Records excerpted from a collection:

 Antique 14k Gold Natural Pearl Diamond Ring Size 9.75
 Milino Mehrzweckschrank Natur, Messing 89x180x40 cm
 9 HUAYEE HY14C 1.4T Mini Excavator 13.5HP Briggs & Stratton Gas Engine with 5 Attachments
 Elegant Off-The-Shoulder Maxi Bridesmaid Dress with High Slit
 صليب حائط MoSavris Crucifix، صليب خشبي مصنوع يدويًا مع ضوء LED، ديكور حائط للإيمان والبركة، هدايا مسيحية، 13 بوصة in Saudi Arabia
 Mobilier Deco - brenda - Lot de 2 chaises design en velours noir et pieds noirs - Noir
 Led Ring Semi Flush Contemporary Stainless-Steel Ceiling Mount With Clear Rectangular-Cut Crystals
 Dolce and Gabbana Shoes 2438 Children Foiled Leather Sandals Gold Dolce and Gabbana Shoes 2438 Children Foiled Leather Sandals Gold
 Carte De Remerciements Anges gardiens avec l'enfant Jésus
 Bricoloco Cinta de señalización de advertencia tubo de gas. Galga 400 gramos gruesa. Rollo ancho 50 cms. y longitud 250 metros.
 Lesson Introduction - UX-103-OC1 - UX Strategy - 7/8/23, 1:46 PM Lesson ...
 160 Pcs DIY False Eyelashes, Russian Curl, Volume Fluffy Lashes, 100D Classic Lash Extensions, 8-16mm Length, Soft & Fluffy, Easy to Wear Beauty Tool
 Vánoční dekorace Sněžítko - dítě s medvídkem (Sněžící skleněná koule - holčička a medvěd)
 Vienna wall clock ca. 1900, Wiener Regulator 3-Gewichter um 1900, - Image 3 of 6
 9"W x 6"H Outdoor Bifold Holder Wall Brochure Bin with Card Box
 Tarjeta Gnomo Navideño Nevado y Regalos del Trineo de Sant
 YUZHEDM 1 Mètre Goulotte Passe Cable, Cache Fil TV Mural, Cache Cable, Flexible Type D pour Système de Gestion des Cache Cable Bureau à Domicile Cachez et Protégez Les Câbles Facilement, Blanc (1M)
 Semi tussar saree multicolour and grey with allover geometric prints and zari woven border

_WHAT THIS TASK INVOLVES_:
Take the line with "Sandals Gold Dolce" and all lines after it through the end of the records, and write them out exactly; include nothing else.

_COMPLETED TASK_:
 Dolce and Gabbana Shoes 2438 Children Foiled Leather Sandals Gold Dolce and Gabbana Shoes 2438 Children Foiled Leather Sandals Gold
 Carte De Remerciements Anges gardiens avec l'enfant Jésus
 Bricoloco Cinta de señalización de advertencia tubo de gas. Galga 400 gramos gruesa. Rollo ancho 50 cms. y longitud 250 metros.
 Lesson Introduction - UX-103-OC1 - UX Strategy - 7/8/23, 1:46 PM Lesson ...
 160 Pcs DIY False Eyelashes, Russian Curl, Volume Fluffy Lashes, 100D Classic Lash Extensions, 8-16mm Length, Soft & Fluffy, Easy to Wear Beauty Tool
 Vánoční dekorace Sněžítko - dítě s medvídkem (Sněžící skleněná koule - holčička a medvěd)
 Vienna wall clock ca. 1900, Wiener Regulator 3-Gewichter um 1900, - Image 3 of 6
 9"W x 6"H Outdoor Bifold Holder Wall Brochure Bin with Card Box
 Tarjeta Gnomo Navideño Nevado y Regalos del Trineo de Sant
 YUZHEDM 1 Mètre Goulotte Passe Cable, Cache Fil TV Mural, Cache Cable, Flexible Type D pour Système de Gestion des Cache Cable Bureau à Domicile Cachez et Protégez Les Câbles Facilement, Blanc (1M)
 Semi tussar saree multicolour and grey with allover geometric prints and zari woven border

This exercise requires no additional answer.